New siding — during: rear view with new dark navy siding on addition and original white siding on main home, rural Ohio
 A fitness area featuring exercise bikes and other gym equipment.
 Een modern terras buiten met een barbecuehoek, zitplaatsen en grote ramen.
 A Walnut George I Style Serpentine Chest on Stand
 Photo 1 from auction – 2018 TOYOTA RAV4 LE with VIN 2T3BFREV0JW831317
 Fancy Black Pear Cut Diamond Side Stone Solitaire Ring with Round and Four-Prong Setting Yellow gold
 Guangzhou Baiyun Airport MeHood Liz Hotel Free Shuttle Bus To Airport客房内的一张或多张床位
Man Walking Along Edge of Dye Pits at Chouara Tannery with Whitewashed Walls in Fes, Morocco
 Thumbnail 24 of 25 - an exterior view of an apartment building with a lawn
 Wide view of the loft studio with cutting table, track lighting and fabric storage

● ● ●

• [Task item]:
Your reply should be a verbatim retyping of the lines from the one that holds "Guangzhou Baiyun Airport" through the last line of the entries.

• [Task output]:
 Guangzhou Baiyun Airport MeHood Liz Hotel Free Shuttle Bus To Airport客房内的一张或多张床位
Man Walking Along Edge of Dye Pits at Chouara Tannery with Whitewashed Walls in Fes, Morocco
 Thumbnail 24 of 25 - an exterior view of an apartment building with a lawn
 Wide view of the loft studio with cutting table, track lighting and fabric storage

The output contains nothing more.